(Records excerpted from a collection)
>>>

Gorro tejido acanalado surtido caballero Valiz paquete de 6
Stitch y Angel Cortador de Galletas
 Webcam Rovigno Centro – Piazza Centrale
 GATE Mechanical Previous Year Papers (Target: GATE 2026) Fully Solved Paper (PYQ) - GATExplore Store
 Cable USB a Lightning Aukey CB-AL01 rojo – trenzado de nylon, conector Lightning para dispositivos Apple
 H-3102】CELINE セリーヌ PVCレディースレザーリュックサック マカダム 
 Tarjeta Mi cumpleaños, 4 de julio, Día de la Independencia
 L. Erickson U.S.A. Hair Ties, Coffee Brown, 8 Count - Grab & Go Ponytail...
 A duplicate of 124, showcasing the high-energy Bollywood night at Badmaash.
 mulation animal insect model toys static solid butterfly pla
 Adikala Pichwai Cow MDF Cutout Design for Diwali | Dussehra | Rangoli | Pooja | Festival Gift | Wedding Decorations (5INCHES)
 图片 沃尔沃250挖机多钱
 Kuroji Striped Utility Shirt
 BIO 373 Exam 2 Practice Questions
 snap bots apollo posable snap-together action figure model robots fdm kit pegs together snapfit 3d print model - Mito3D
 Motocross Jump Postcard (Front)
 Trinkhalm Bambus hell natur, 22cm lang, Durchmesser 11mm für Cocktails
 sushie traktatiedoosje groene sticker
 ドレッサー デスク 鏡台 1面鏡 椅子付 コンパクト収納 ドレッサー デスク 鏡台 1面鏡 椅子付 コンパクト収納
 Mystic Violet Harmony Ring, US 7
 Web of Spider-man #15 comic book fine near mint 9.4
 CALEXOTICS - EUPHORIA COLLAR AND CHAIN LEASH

<<<

[How to complete this task] All that is wanted is the line with "Adikala Pichwai Cow" and every later line in the entries, reproduced exactly.

[Answer for this exercise]
 Adikala Pichwai Cow MDF Cutout Design for Diwali | Dussehra | Rangoli | Pooja | Festival Gift | Wedding Decorations (5INCHES)
 图片 沃尔沃250挖机多钱
 Kuroji Striped Utility Shirt
 BIO 373 Exam 2 Practice Questions
 snap bots apollo posable snap-together action figure model robots fdm kit pegs together snapfit 3d print model - Mito3D
 Motocross Jump Postcard (Front)
 Trinkhalm Bambus hell natur, 22cm lang, Durchmesser 11mm für Cocktails
 sushie traktatiedoosje groene sticker
 ドレッサー デスク 鏡台 1面鏡 椅子付 コンパクト収納 ドレッサー デスク 鏡台 1面鏡 椅子付 コンパクト収納
 Mystic Violet Harmony Ring, US 7
 Web of Spider-man #15 comic book fine near mint 9.4
 CALEXOTICS - EUPHORIA COLLAR AND CHAIN LEASH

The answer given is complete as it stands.